On 5 March 2015, I attended the 33rd meeting of the Wales Climate Change Commission – an independent body set up to advise the Welsh Government on climate change and to help mobilise action. I attend for WCVA (EW’s administrative core partner) as a representative of the third sector and see this as a key opportunity to share some of the insights gained from working with the 300+ EW registered project network.
The day started with an address from the Minister for Natural Resources and Food, Carl Sargeant. He outlined his aspiration for Wales to become a net carbon zero country and spoke about the need to challenge all sectors to take action on climate change and to make this a cross government priority. He later released a Ministerial Statement on the delivery of WG’s Climate Change Strategy which contained commitments to carbon budgeting, public sector leadership and a clear pathway to decarbonisation.
The day went on to include discussions around a range of issues including engagement of young people, energy efficiency, green growth, the role of the arts in culture change and recent research papers on green infrastructure and car clubs.
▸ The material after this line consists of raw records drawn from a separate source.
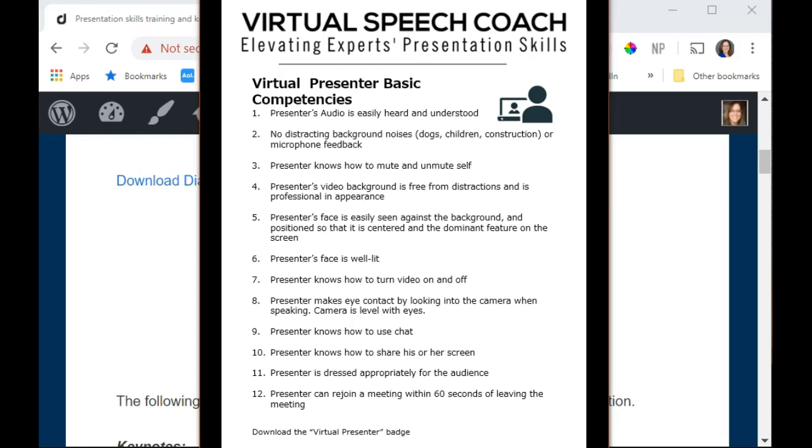Your face should be well lit. You should know how to turn your video on and off. The presenter should make eye contact by looking into the camera when speaking, and the camera should be level with your eyes — not positioned so low that we're looking up your nose. You should know how to use chat, how to share your screen, be dressed appropriately for the audience, and if you lose connection, be able to rejoin the meeting quickly.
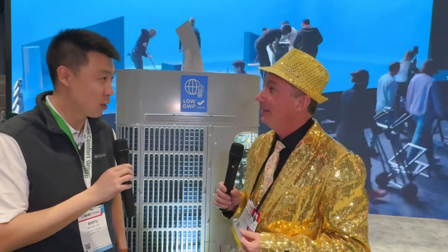All right, everyone. Thank you for joining us at the 2024 AHR Expo. We are spending time with Bosch. How are you doing? I'm good. How are you doing today? I'm doing very well. And you are? I'm Shu Yu. I'm senior product manager here at Bosch for the air source heat pumps.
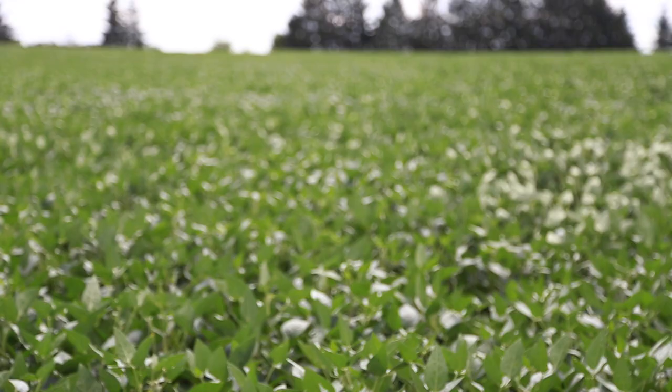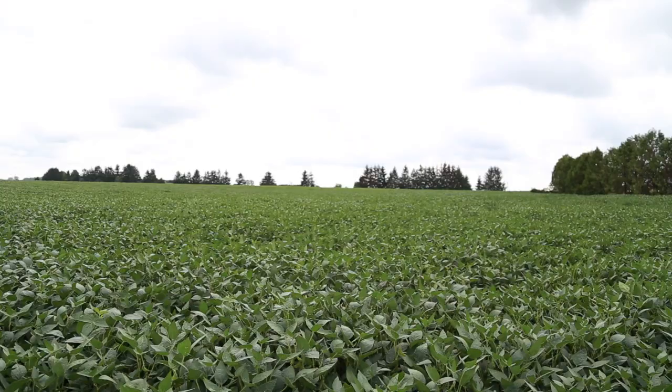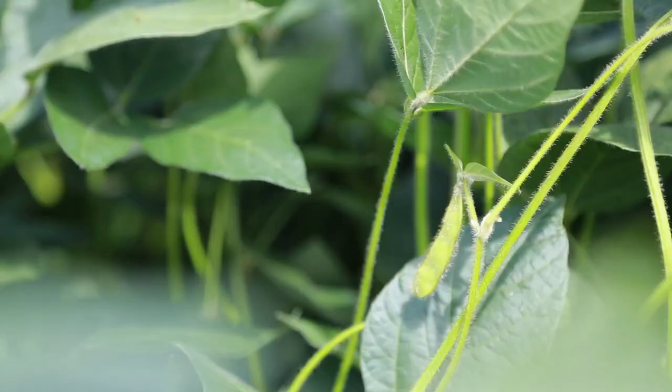Our planting season started on time about mid-May when we planted our Roundup Ready to Extend Soybeans. We did have a considerable amount of rain in June which caused some issues for a slower root development and plant health did suffer.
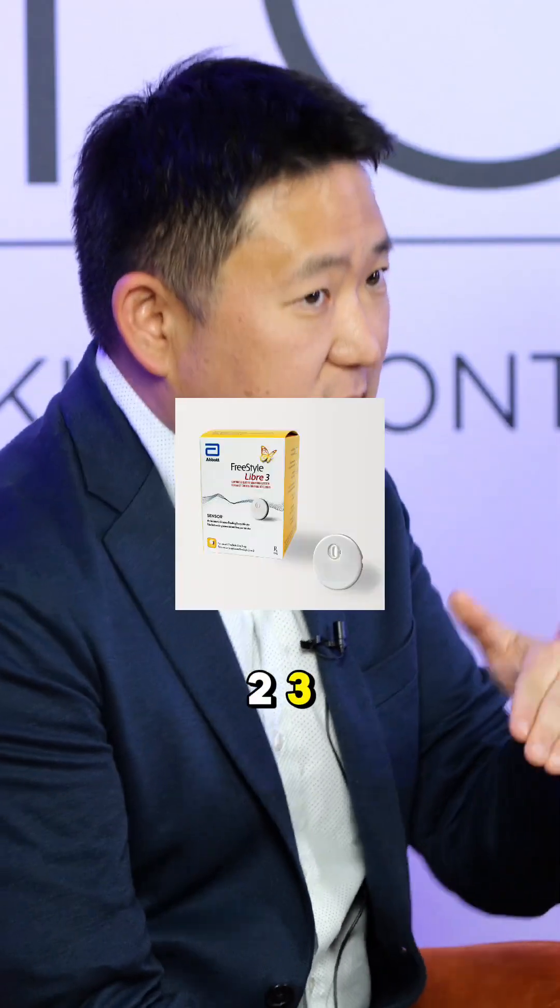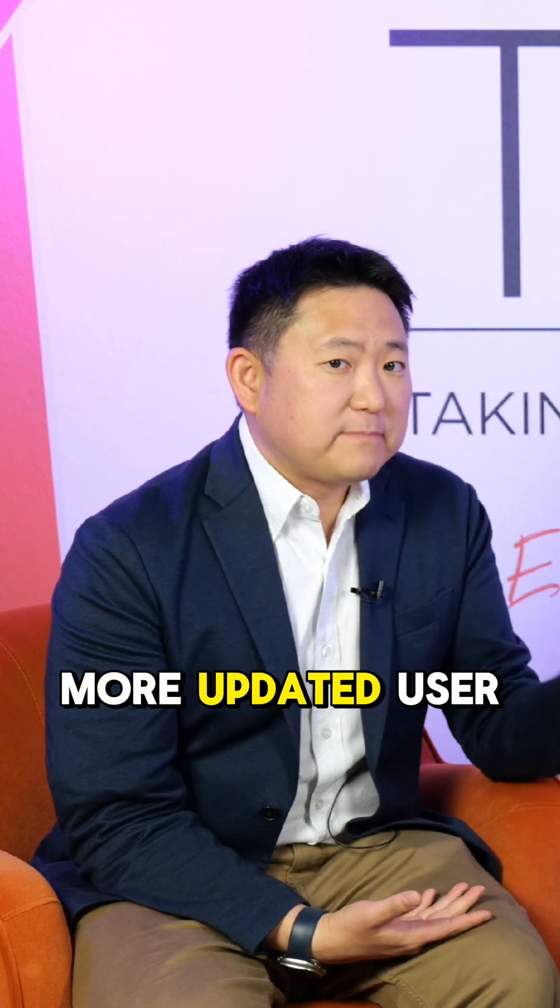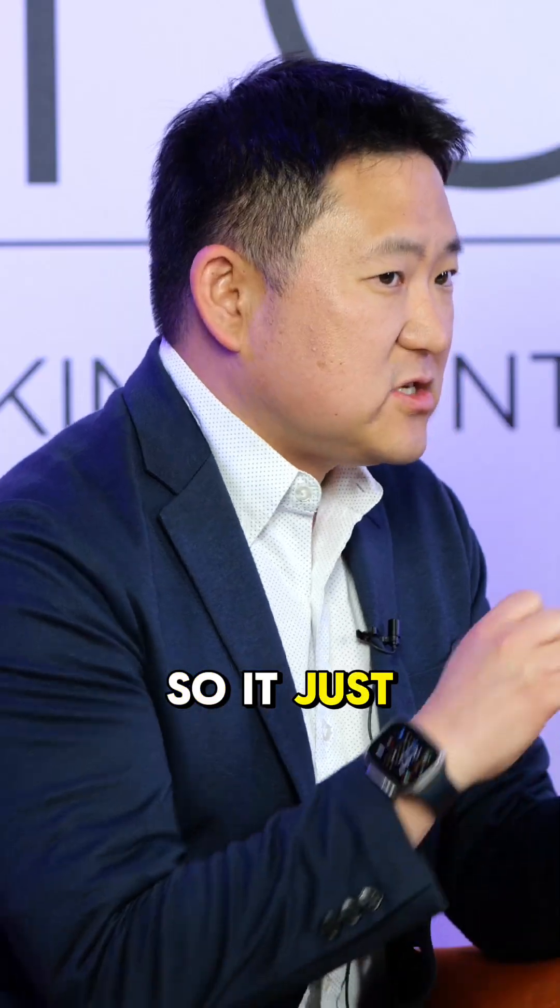So the Libre 2, 3, 2 Plus, and 3 Plus. It's a single app and it just has a much more updated user interface, so it just looks more modern.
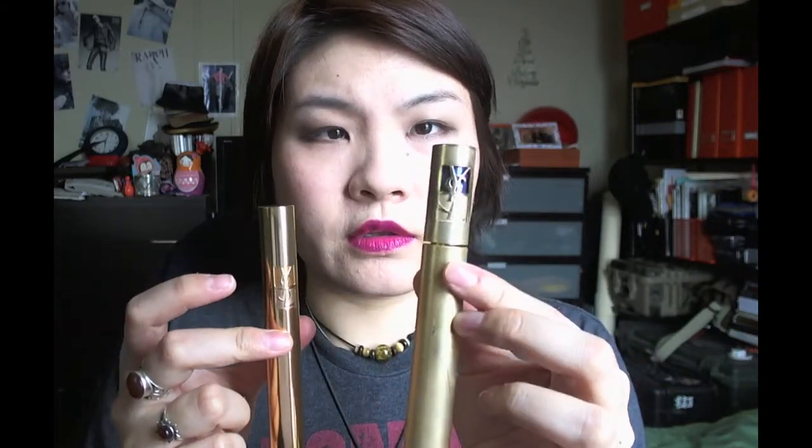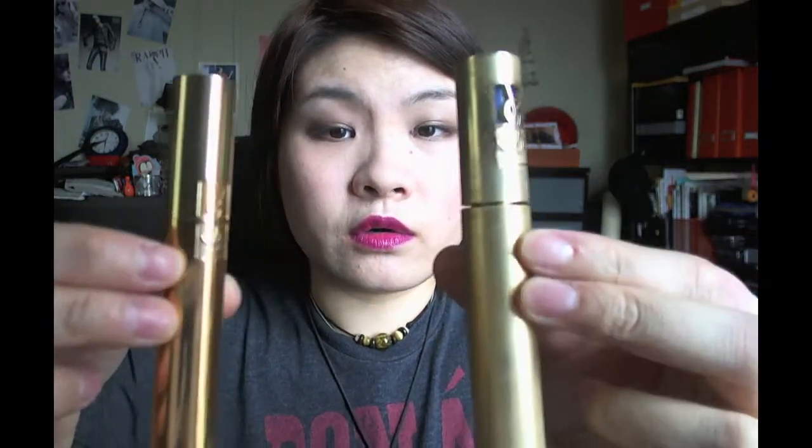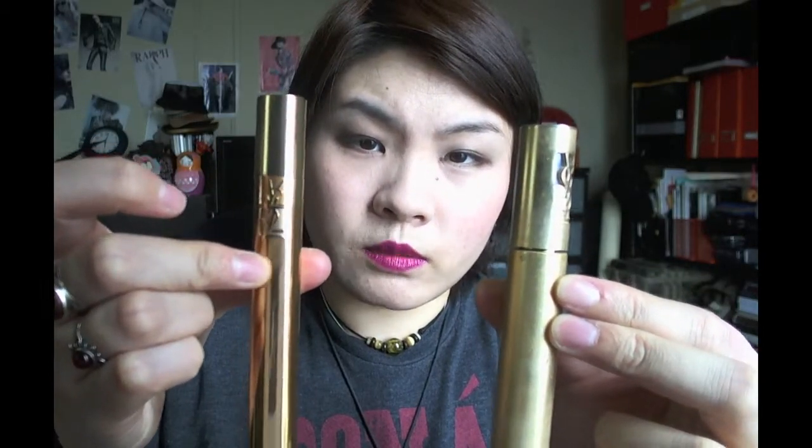This is what the tube looks like. It feels pretty similar to the old one, except this new one feels a little lighter and slightly sleeker. The packaging is two-toned — more of a yellowish gold on top and a rose gold on the bottom. Personally I don't love that; I'd prefer either all gold or all rose gold since the similar tones feel a bit off.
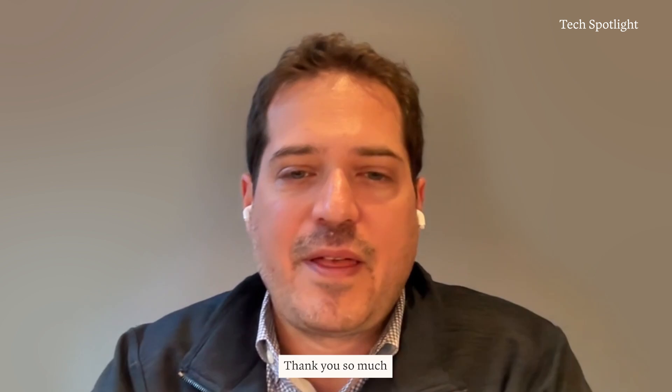That is the end of our official demo. Thank you so much for joining. It was a pleasure to have you here today.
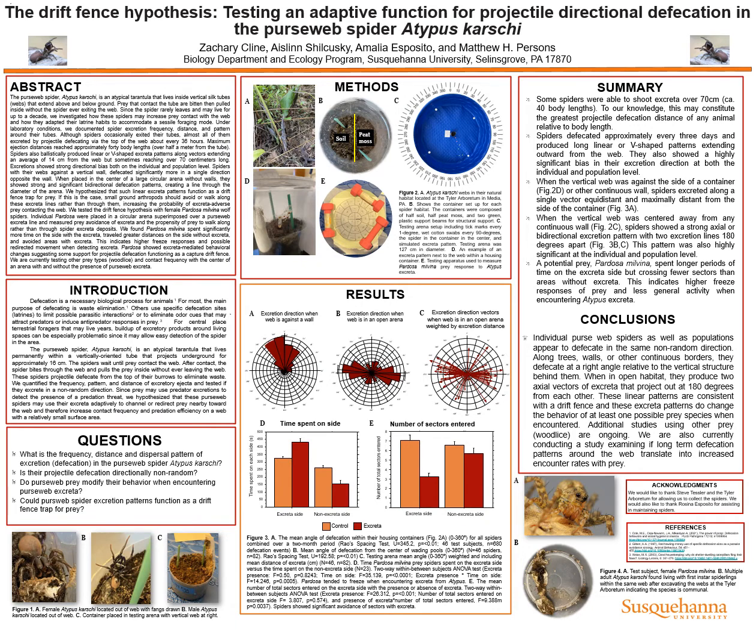The pursedweb spider, Atypus caribi, is an atypical tarantula that lives inside vertical silk tubes made up of their webbing. These tubes extend both above and below the ground. Prey that contact the tube are bitten and then pulled inside without the spider ever needing to exit their web.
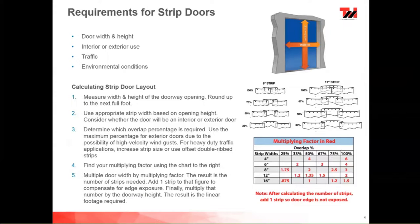Generally, for interior doors like an 8-by-8, we recommend an 8-inch strip. For anything bigger up to about 12-by-12, we'd recommend the 12-inch strip. We can also go to 16-inch, 48-inch — whatever you need, we can cover your opening. The multiplying factors shown in red on the chart help you figure out in the field how many strips you'll have per door. For example, for an 8-foot door with 50% overlap, you'd calculate 8 times 2 to get 16 strips.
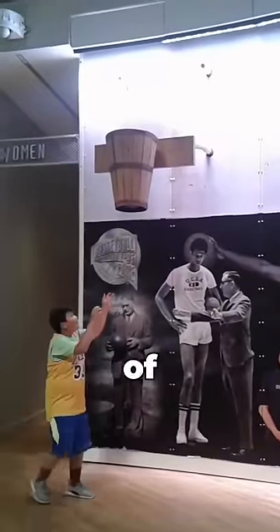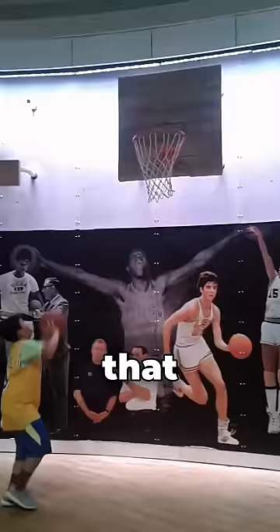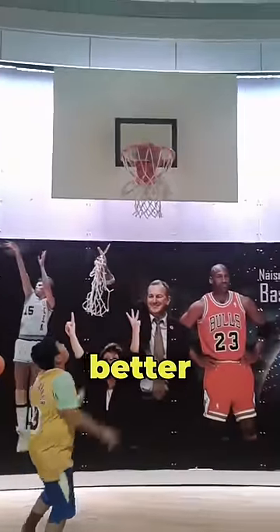This museum shows the evolution of basketball nets throughout the years, starting out with some old wooden nets that didn't really work too well. But as it continues, they slowly get better, using materials like metal and plastic.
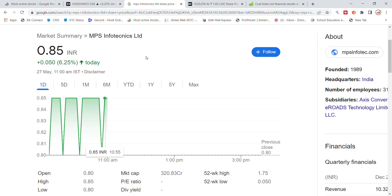Welcome back to Stocks Power YouTube channel. Today we are going to talk about MPS Info Technics Limited stock and the latest update. MPS Info Technics has been looking good after a nice reversal from ₹0.85, and today we have a rally of around 5% to 6%.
What struck me was that in almost all these discussions there was learning to be shared from EW funded projects – whether this was Cilgwyn Community Association’s feasibility study into a Rural Electric Vehicle Car Club, the Energy Diary project of the Household Energy Service, the Emergence project working to help embed sustainability within the arts sector or the countless woodland, community garden and site management projects that EW supports that contribute to green infrastructure. It made me feel very proud to be reminded once again how many EW supported projects are delivering so many different outcomes for people, for nature, for the green economy and for community resilience in the face of the climate change challenge.